A couple of key new hires who began work earlier this month for Railers HC, the Worcester Railers minor league hockey team, have helped the club continue its push toward being ready for its August 2017 debut and ECHL-mandated goals such as season-ticket sales.
Mike Fisher was hired this month as director of hockey club memberships and Jillian Witkowski of Leicester was tapped in April as community development coordinator.
“They’re both good, young people with key jobs in the organization,” Railers owner Cliff Rucker said.
“For Mike [Fisher], it’s selling, selling, selling. His goal will be to get us to our goal of 1,500 memberships before we enter next season,” Mike Myers, Railers president, said Friday, June 18.
The team must sell 1,500 season tickets, not to mention secure $250,000 in annual corporate sponsorships, to ensure it can begin ECHL play.

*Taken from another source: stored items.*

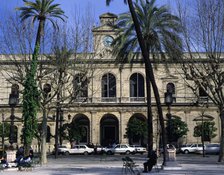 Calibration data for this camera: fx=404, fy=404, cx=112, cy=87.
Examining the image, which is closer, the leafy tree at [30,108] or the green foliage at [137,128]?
the leafy tree at [30,108]

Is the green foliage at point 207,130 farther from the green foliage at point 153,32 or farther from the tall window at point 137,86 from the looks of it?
the green foliage at point 153,32

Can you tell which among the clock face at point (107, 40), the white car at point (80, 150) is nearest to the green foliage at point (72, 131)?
the white car at point (80, 150)

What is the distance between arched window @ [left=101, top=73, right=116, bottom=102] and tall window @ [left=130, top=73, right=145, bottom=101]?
252 cm

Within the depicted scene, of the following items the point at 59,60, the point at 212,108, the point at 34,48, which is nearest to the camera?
the point at 34,48

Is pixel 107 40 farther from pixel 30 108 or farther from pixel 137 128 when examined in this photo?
pixel 30 108

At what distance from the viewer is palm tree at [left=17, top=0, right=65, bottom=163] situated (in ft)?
82.2

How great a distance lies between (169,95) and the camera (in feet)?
73.0

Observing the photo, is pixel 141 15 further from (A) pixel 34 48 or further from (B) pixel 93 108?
(B) pixel 93 108

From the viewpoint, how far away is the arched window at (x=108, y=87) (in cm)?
5406

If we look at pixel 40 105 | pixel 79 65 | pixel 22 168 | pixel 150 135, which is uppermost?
pixel 79 65

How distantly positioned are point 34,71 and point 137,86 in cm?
Result: 3096

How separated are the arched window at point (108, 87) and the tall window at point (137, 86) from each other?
99.1 inches

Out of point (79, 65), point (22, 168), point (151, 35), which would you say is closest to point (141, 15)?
point (151, 35)

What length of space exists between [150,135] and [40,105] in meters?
9.07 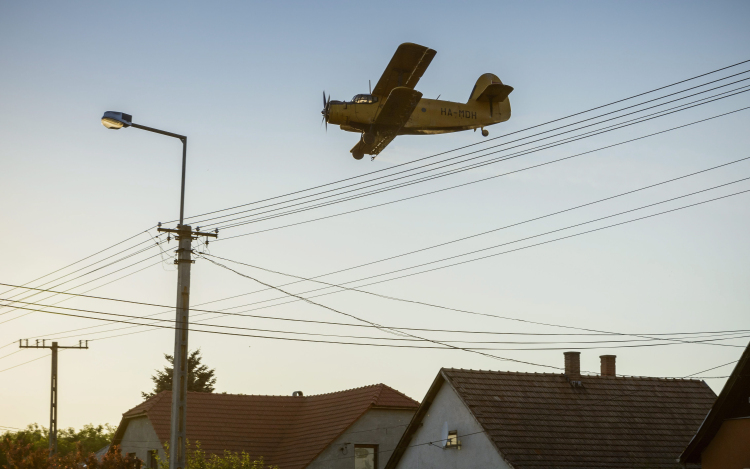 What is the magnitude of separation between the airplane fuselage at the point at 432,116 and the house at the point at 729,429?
417 inches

The team paid a nonrefundable $750,000 expansion fee. The Telegram & Gazette reported in February the Railers have until January to reach the season ticket and sponsorship benchmarks.
Myers said the organization was a little behind given staff limitations but bringing Fisher on board to focus on what the team calls “memberships,” the rest of the modest organization can begin to build out to a fully functioning minor league hockey organization.

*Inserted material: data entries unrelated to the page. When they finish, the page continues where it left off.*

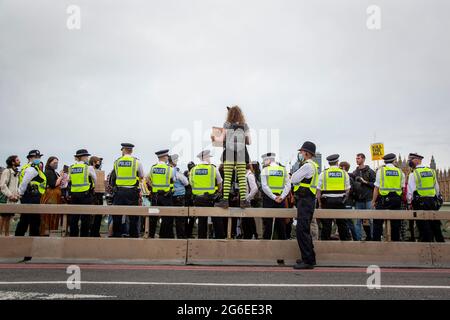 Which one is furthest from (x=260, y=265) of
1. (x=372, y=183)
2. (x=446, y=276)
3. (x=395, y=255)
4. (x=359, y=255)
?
(x=372, y=183)

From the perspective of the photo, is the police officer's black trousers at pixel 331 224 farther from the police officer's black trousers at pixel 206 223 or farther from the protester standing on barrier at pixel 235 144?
the protester standing on barrier at pixel 235 144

Myers said the Railers had already sold “more than 600 individual memberships”. The team website counted 654 season tickets sold as of Saturday afternoon, June 18.
The man now responsible for driving those membership numbers is Fisher, who grew up in Trumbull, Connecticut. The graduate of Colorado State University is entering his 10th season in minor league hockey.
“The membership aspect of this is very exciting. Very few teams install a true membership model and it’s very exciting to be at the ground level of that,” Fisher said.
[Editor’s note: Most professional sports team have copious perks for season ticket holders, including many similar to the “membership” benefits of the Railers HC Founders Circle. For example, check out the Boston Bruins 2016-17 benefits or those of the ECHL’s Manchester Monarchs.]
The first 1,000 Railers HC membership holders will become part of the Founders Circle, which will entitle the holder to up to 25 percent off full season ticket price; their name inscribed on a Founders Circle plaque inside the DCU Center, seat markers, exclusive member merchandise, priority seating and access to events, like Railers HC Night with the Bravehearts, July 30, where the club plans to reveal the new Railers mascot.
Memberships range from $693, for seats on the glass, to $432 for the upper-level corners and ends. They require a $50 deposit; payments are set to begin in January.
Fisher knows his duty is to help potential fans understand the benefits.
“I think we will excite people to get into this program … what we are doing with the community is phenomenal,” Fisher said, citing the proposed Railers HC Pub on Exchange Street and the twin-rink arena in the Canal District.
Fisher previously worked for the Central Hockey League’s Arizona Sundogs, and the ECHL’s Missouri Mavericks and Evansville Icemen in Indiana.
Fisher, 36, is suitcasing it at an area hotel while wife Tiffany and son Jax, 16 months, wait back in the Hoosier State.
“Every day after work, I’m spending hours trying to find a house to live in,” Fisher said. “It’s tough to pick a place you hope to be living in for a long time on such short notice.”
Fisher said the Worcester and Railers communities immediately welcomed him.
“I am so impressed with the community in the two weeks that I’ve been here. They’re so proud of the community. They don’t look at me like an outsider. They’ve really been welcoming,” he said.
“It’s really been heartwarming for me. I love it here and I’m really excited to grow my roots here with my family. I look at my son, and the team as very similar — as he’s growing up, I want him to be proud of me working here. And as he grows, the team grows, and I want that to be something that he’s proud of.”
Witkowski, who graduated in May from Worcester State University with a communications degree, is no stranger to the Seven Hills.
She was named Lancers student-athlete of the year this year for her work in the community while serving as captain of the women’s soccer team and member of the softball team.
“It’s an excellent opportunity that I could never think of turning down,” Witkowski said. “I was born and raised here, went to school here and this is my home.”
According to Myers, Witkowski worked for the Railers during the team’s Fan Fest in early April, and was essentially hired on the spot.
Witkowski said she will be responsible for the mascot and player appearances in and around the city, including events like reading programs in Worcester’s public schools.
“My job is to just really get involved with everything Worcester has to offer,” she said.
“Jillian brings this energy and knowledge of the community that we were looking for [in] that position,” Myers said. “She’s a highly decorated student athlete for her on-and-off field contributions at Worcester State.”
According to Witkowski, the Railers are working out the logistics of the July 30 mascot reveal and will be reaching out to kids involved in the city’s summer programs to help bolster the event.
“We’re just trying to get everything going. Trying to get the train rolling, so to speak,” she said.